#### Supplied material
○ ○ ○
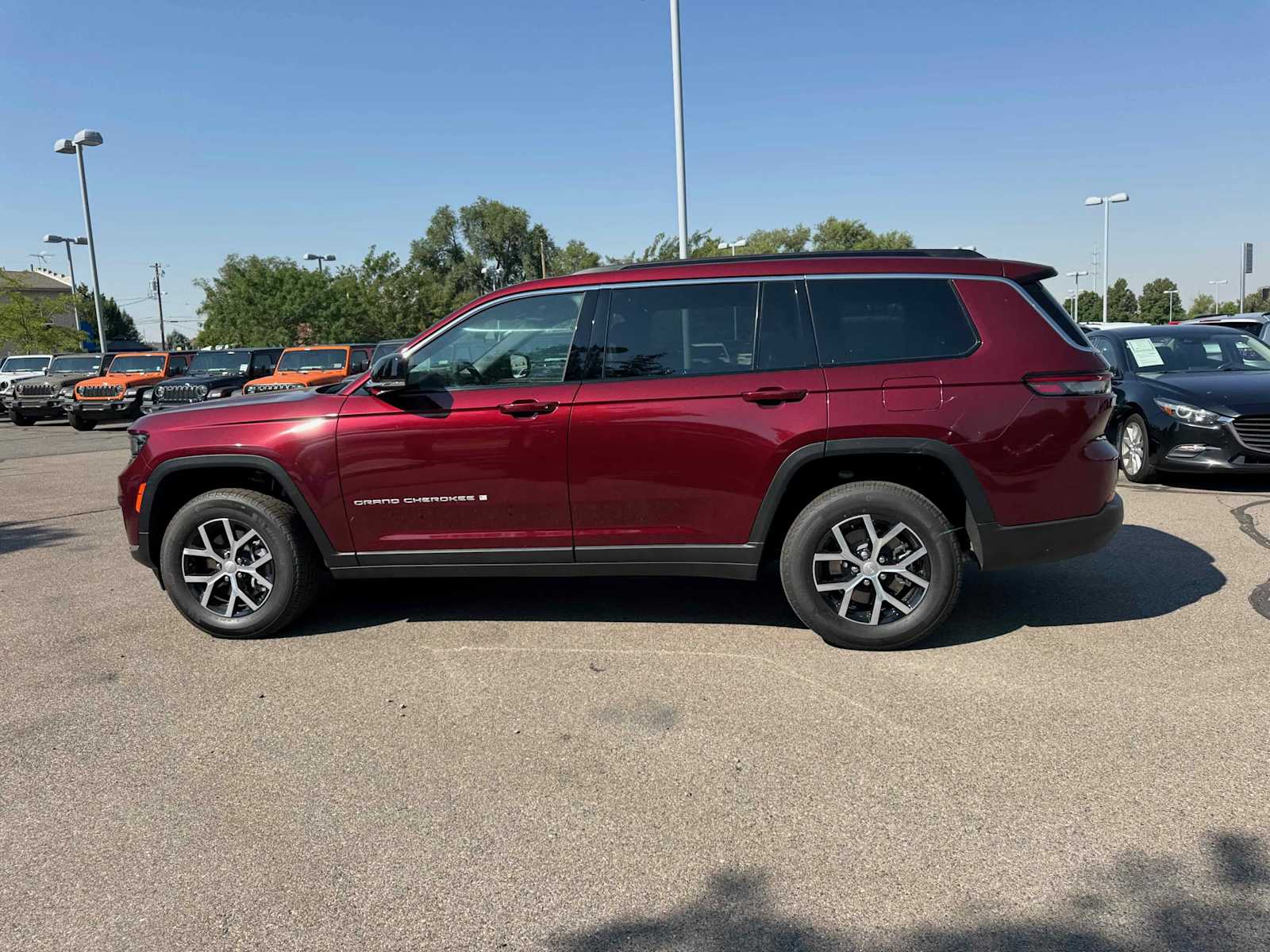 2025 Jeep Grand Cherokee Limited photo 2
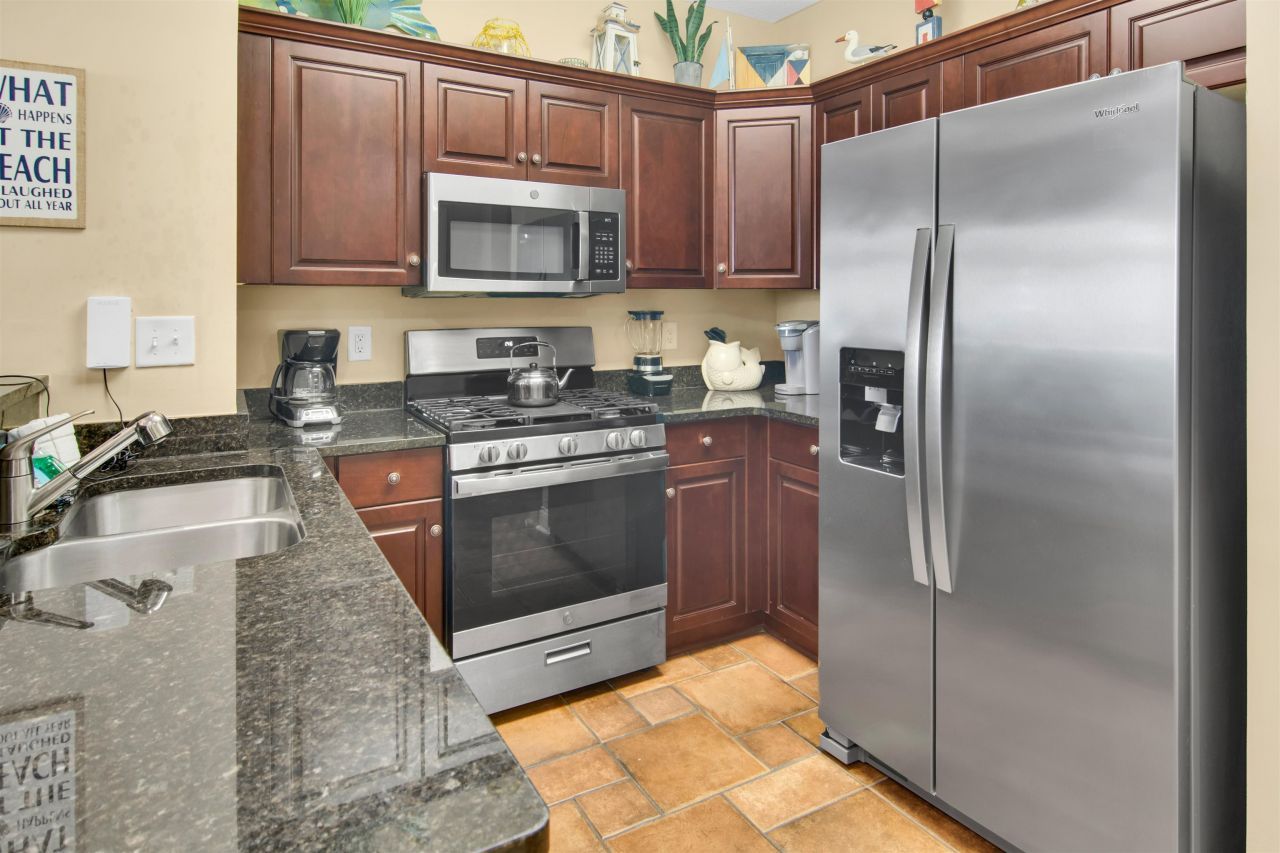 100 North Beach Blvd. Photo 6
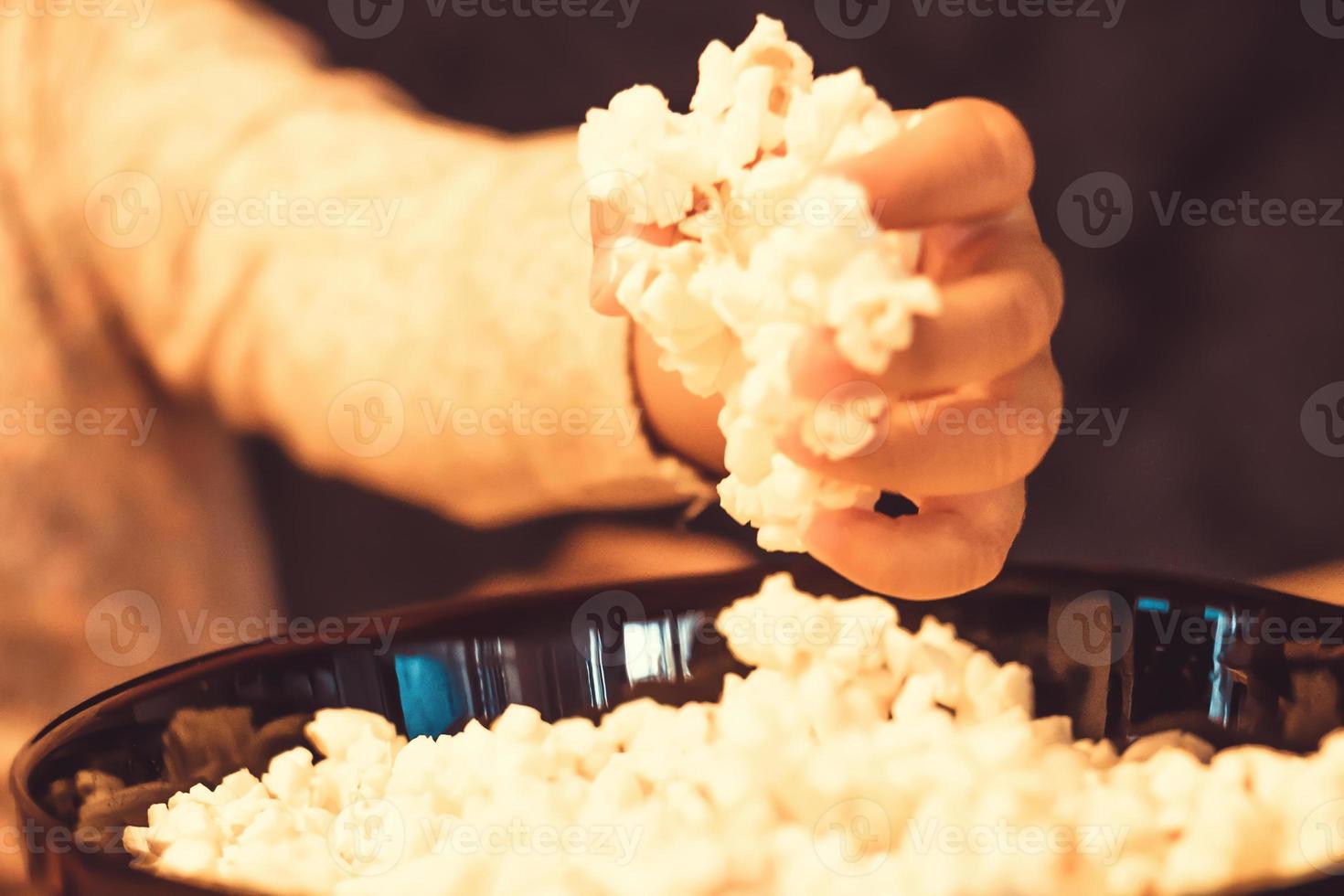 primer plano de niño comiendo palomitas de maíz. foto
○ ○ ○
#### Task objective
Give back all the data exactly, minus pictures.

#### Completed task
 2025 Jeep Grand Cherokee Limited photo 2
 100 North Beach Blvd. Photo 6
 primer plano de niño comiendo palomitas de maíz. foto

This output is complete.